Files
retro-gamer/plan.md
Chris Proctor 5ca97dc5d0 Initial commit
2026-05-08 14:07:17 -04:00

21 KiB
Raw Blame History

retro-gamer Implementation Plan

Overview

retro-gamer is a Python package that trains deep Q-learning agents to play games built with the retro-games framework. Students specify game metadata (character set, actions, reward signal, etc.) and adjust training hyperparameters, letting the training scaffold make principled architecture decisions on their behalf.

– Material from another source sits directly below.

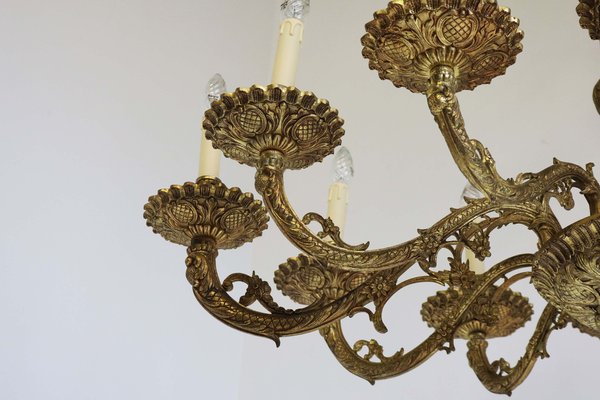 Antique Italian Oval Chandelier in Brass, 1920s-WIP-2041321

The package is designed to be pedagogically transparent: every design decision is logged with a plain-language rationale.


Package Structure

retro_gamer/
    __init__.py
    metadata.py       # GameMetadata dataclass + TOML load/save + validation
    env.py            # GameEnvironment — wraps a Game in a step/reset/observe interface
    observation.py    # Converts board + state_dict → numpy tensors (one-hot encoding, etc.)
    network.py        # Builds PyTorch CNN or MLP from metadata + hyperparameters
    memory.py         # ReplayMemory (standard FIFO and prioritized variants)
    trainer.py        # DQNTrainer — orchestrates training, logging, checkpointing
    cli.py            # Click-based CLI (create, train, play subcommands)

Phase 1 — retro-games Framework Changes

These changes must land in the retro package before retro-gamer can work. See the "Changes to retro" section at the bottom for details.

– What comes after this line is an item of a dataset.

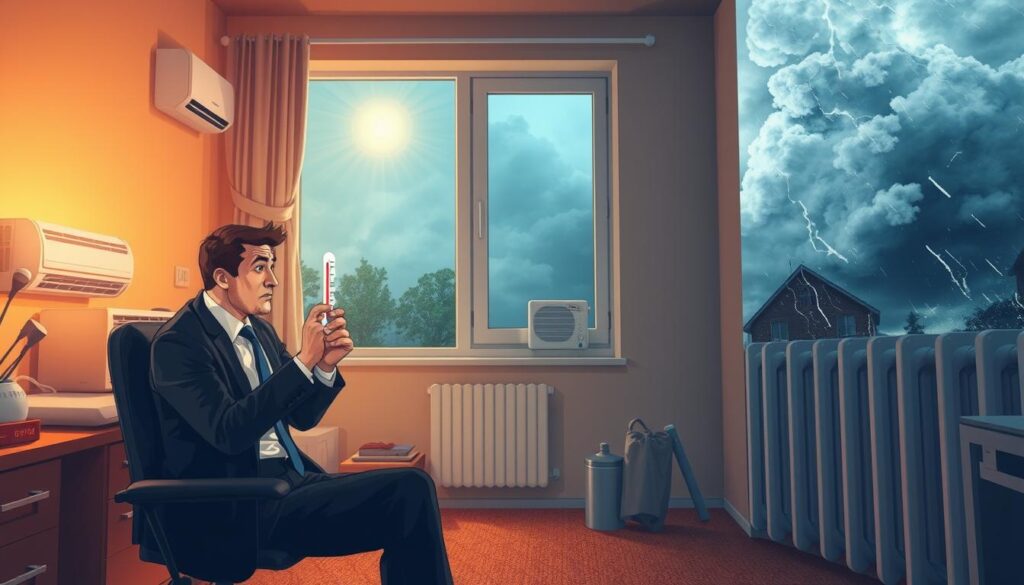A visually striking illustration depicting the health risks of temperature swings in small living spaces. In the foreground, a concerned individual dressed in professional attire is seated at a desk, looking at a thermometer with a worried expression, highlighting the personal impact of temperature fluctuations. The middle ground features a small, cluttered room with a visible air conditioning unit and radiators, showcasing the extremes of hot and cold. In the background, a window reveals dramatic weather changes outside—sunshine on one side and storm clouds on the other—symbolizing rapid temperature shifts. Soft, ambient lighting casts a warm glow on the indoor scene, contrasting with the cooler tones visible through the window, creating a tense yet informative atmosphere.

Phase 2 — GameMetadata (metadata.py)

GameMetadata is a validated dataclass that lives as a TOML file alongside each training run.

Required fields

Field Type Description
board_size (int, int) Width × height of the board
actions list[str] Keystroke names the agent may emit (e.g. "KEY_RIGHT", "q")
reward str Key in game.state used as the reward signal

Optional fields

Field Type Default Description
character_set list[str] None Characters that may appear on the board. Each character gets a one-hot encoding slot. If absent, the trainer explores first to discover the set.
spatial bool True When True, treat the board as a 2D spatial scene (use CNN). When False, flatten and use MLP.
observe_state list[str] [] State dict keys to append to the observation vector. Values must be int, float, or bool. Must not include reward.

TOML example

[game]
board_size = [32, 16]
actions = ["KEY_RIGHT", "KEY_UP", "KEY_LEFT", "KEY_DOWN"]
reward = "score"
character_set = ["@", "*", ">", "<", "^", "v"]
spatial = true
observe_state = []

Validation

  • board_size must be two positive integers.
  • actions must be non-empty.
  • reward must not appear in observe_state.
  • character_set entries must be single characters.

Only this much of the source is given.